Now, in the normal competitive world of capitalism, getting “to the bottom of this” doesn’t necessarily take three years—not when times are good, anyway. Say you’re a bank: you found a great investment opportunity in the Caymans, or a wealthy pigeon anxious to sock his cash and Impressionists in your vaults rather than report them to the tax authorities—would it take you very long to wrangle these targets? Probably not. In the normal capitalist world, vaunting your stupidity, procrastination, and incompetence doesn’t usually get you a job as bank teller, or, for that matter, a McFlipper.
But during times of economic stress, big-time international banking doesn’t, as the rest of us have long learned, run by the harsh Darwinian rules that govern the lower orders.

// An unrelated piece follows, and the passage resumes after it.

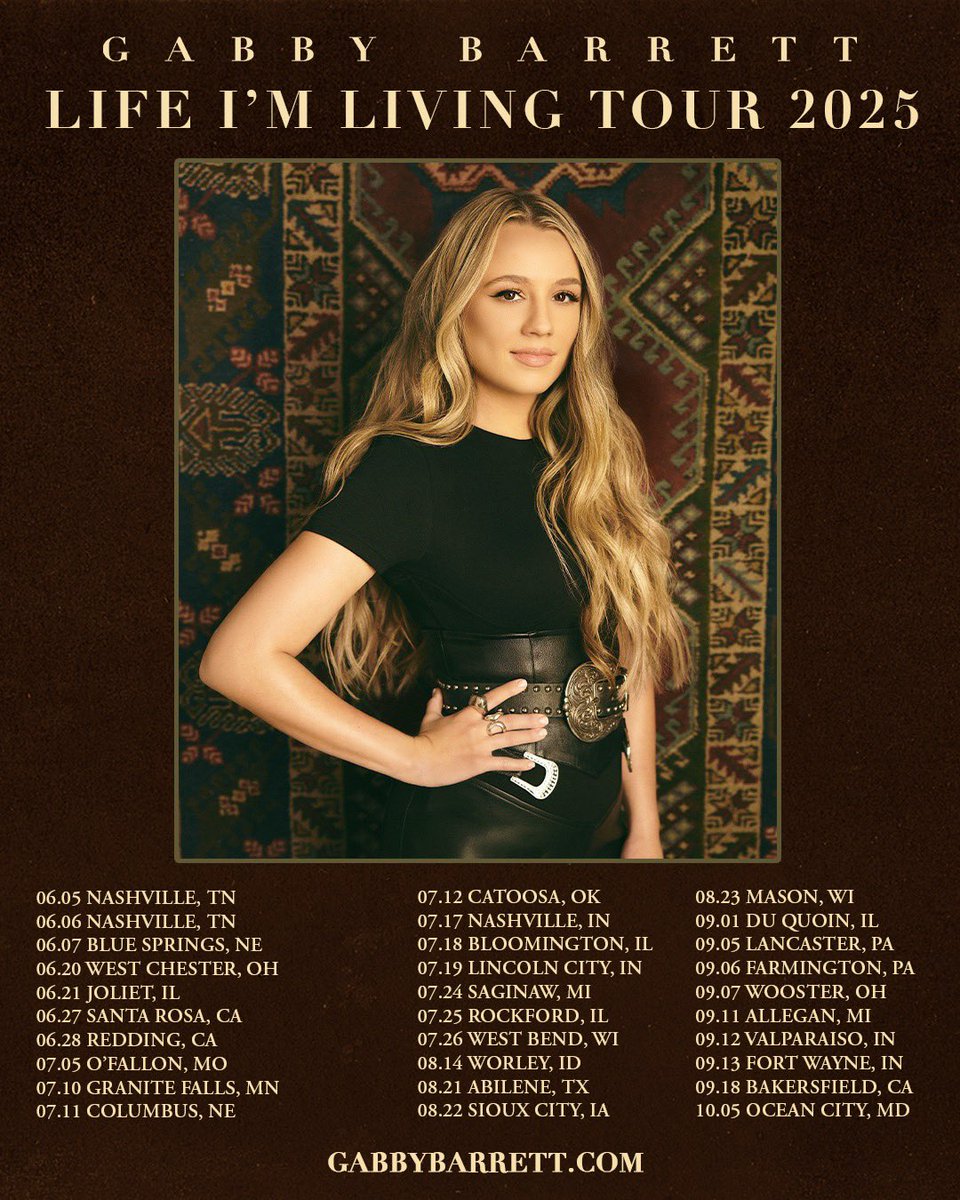 I’m so pumped to hit the road next month on the Life I’m Living Tour!!! This tour is all about the journey we’ve had together AND turning the page into the next chapter with new music (coming shortly 🤭). You can get tickets to a show near you NOW 🤍 gabbybarrett.com/#tour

JPMorgan CEO Jamie Dimon, for instance, was the highest paid corporate chieftain in the United States last year, earning more than $21 million in cash and stock.
Was he worth every penny? Yes, if you consider what he had to do to earn his keep: hide $6 billion in JPMorgan losses, the result of an errant trade in derivatives by a person Dimon couldn’t control. Fancy footwork and accounting tricks aren’t just well-honed Hollywood assets. Unlike Diamond, Dimon still has a job.
In other words, banking is kind of a rich man’s socialist paradise. Lose billions because you had no idea what your underling was doing in derivatives? Nobody’s really going to hold your incompetence against you. Feel the current interest rates are, as Diamond would say, “terribly unfair,” when you’re trying to raise funds privately in the Middle East? Simply change them singlehandedly so they become a lot fairer. But not to the folks in the Middle East. To you. Get caught? You’ll be fined maybe 290 million pounds, which is the Libor equivalent of a parking ticket.
The attorneys general of Connecticut and New York are currently investigating Barclays and its whimsical way with Libor (some of Barclays traders are based in New York—and any number of banks have offices in Connecticut). You see, no one really believes the interest rate setting allegations either began or ended with one bank, just as no one is honestly surprised at the financial tricks deployed by JPMorgan to hide its huge losses. We’re talking here about a rich man’s special ed world, where failure is coddled.
In the bankers’ socialist Eden, stuff that would normally land you in prison gets you a bonus. Hard work, success, a balance sheet really and honestly in the black—those are the dusty dreams of the lower classes, a nice read for the history books, but essentially not worth the effort.